**The task:**
Output the full listing exactly as written, with no pictures in it.

**Data:**
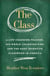 The Class - A Life-Changing Teacher, His World-Changing Kids, and the Most Inventive Classroom in America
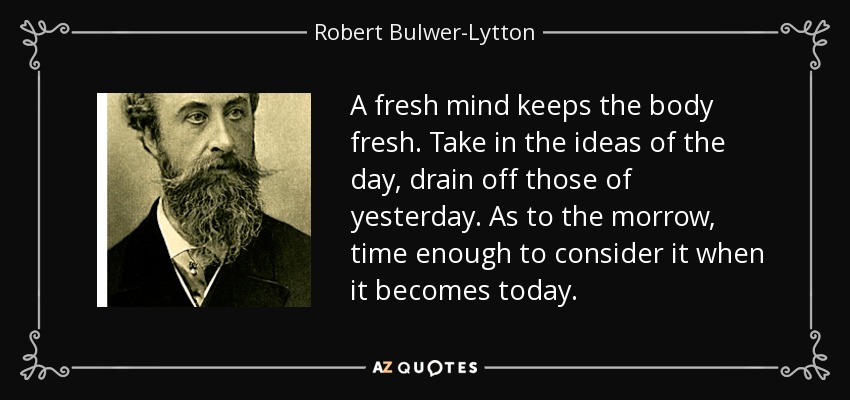 A fresh mind keeps the body fresh. Take in the ideas of the day, drain off those of yesterday. As to the morrow, time enough to consider it when it becomes today. - Robert Bulwer-Lytton, 1st Earl of Lytton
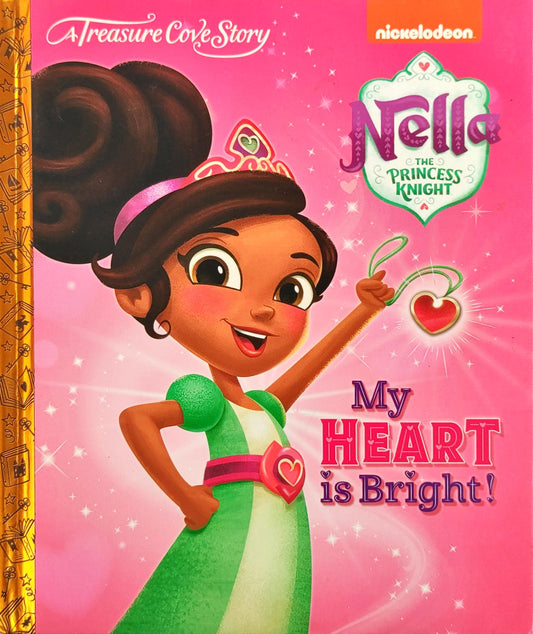 Nella My Heart is Bright! (A Treasure Cove Story)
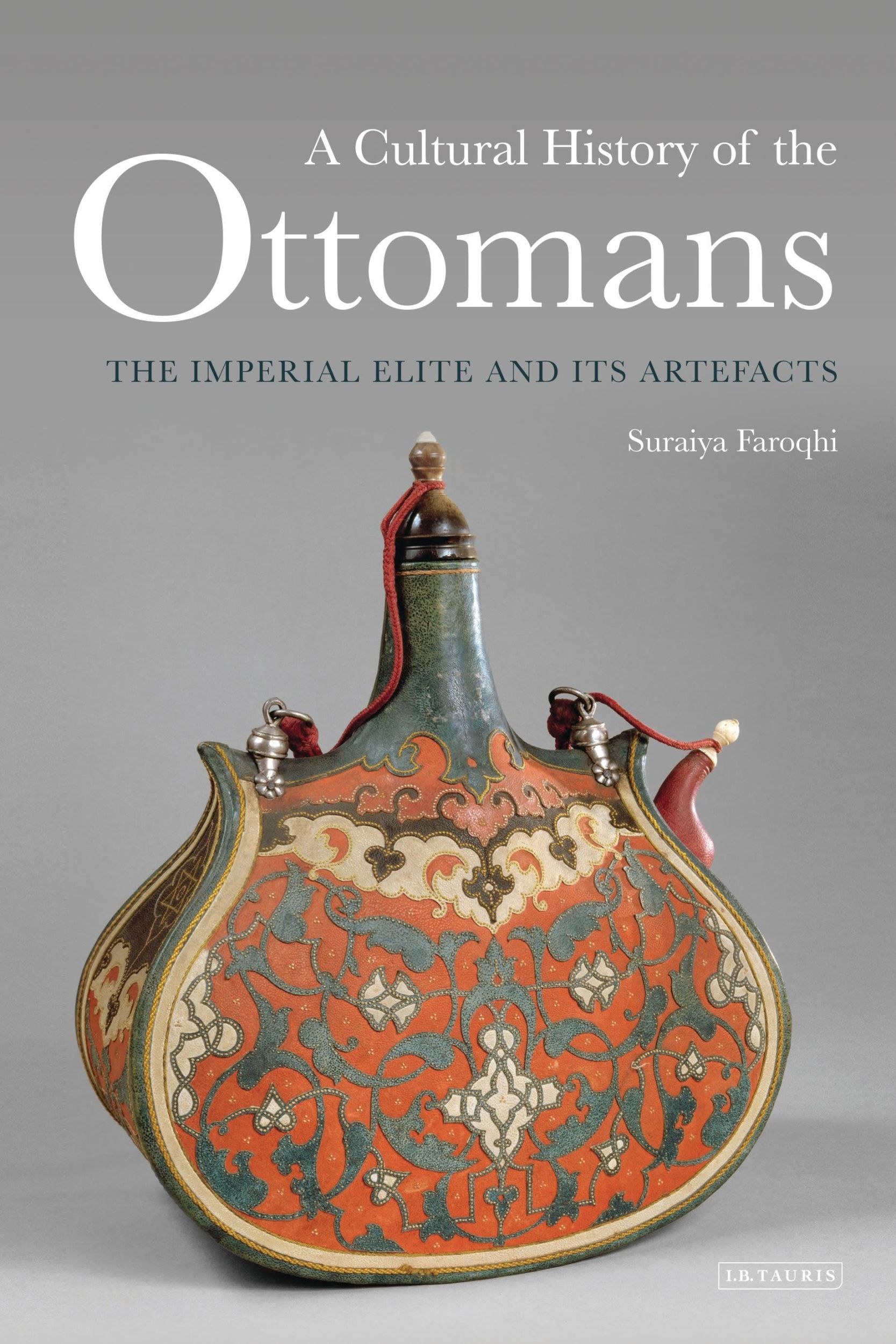 Cover: 9781784530969 | A Cultural History of the Ottomans | Suraiya Faroqhi | Buch | Englisch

**Exercise result:**
 The Class - A Life-Changing Teacher, His World-Changing Kids, and the Most Inventive Classroom in America
 A fresh mind keeps the body fresh. Take in the ideas of the day, drain off those of yesterday. As to the morrow, time enough to consider it when it becomes today. - Robert Bulwer-Lytton, 1st Earl of Lytton
 Nella My Heart is Bright! (A Treasure Cove Story)
 Cover: 9781784530969 | A Cultural History of the Ottomans | Suraiya Faroqhi | Buch | Englisch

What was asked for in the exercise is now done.